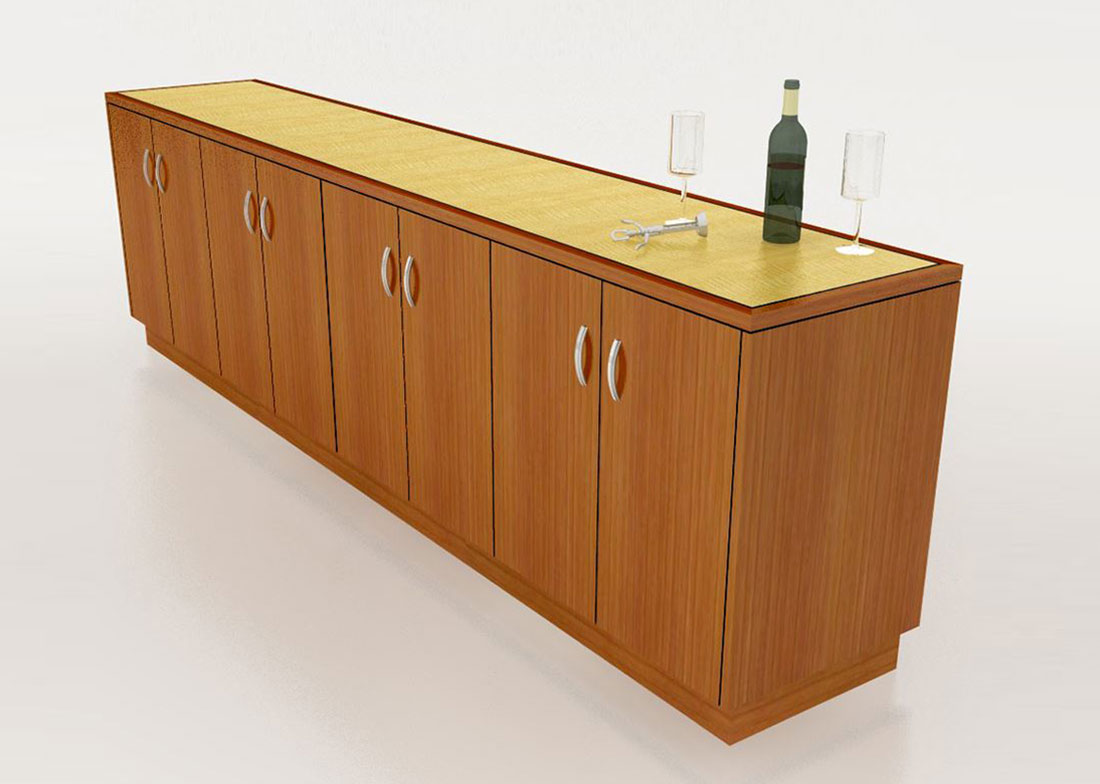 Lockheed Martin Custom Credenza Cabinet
#####
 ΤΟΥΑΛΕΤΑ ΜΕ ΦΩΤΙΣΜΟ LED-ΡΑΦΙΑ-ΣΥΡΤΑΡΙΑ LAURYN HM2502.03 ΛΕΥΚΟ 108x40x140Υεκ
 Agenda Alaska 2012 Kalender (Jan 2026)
#####
### [WHAT TO DO]
Word for word, restate the lines of the listing above starting at the line with "ΤΟΥΑΛΕΤΑ ΜΕ ΦΩΤΙΣΜΟ" and ending at the line with "Agenda Alaska 2012 Kalender (Jan 2026)", and nothing outside them.

### [REPLY TO THE EXERCISE]
 ΤΟΥΑΛΕΤΑ ΜΕ ΦΩΤΙΣΜΟ LED-ΡΑΦΙΑ-ΣΥΡΤΑΡΙΑ LAURYN HM2502.03 ΛΕΥΚΟ 108x40x140Υεκ
 Agenda Alaska 2012 Kalender (Jan 2026)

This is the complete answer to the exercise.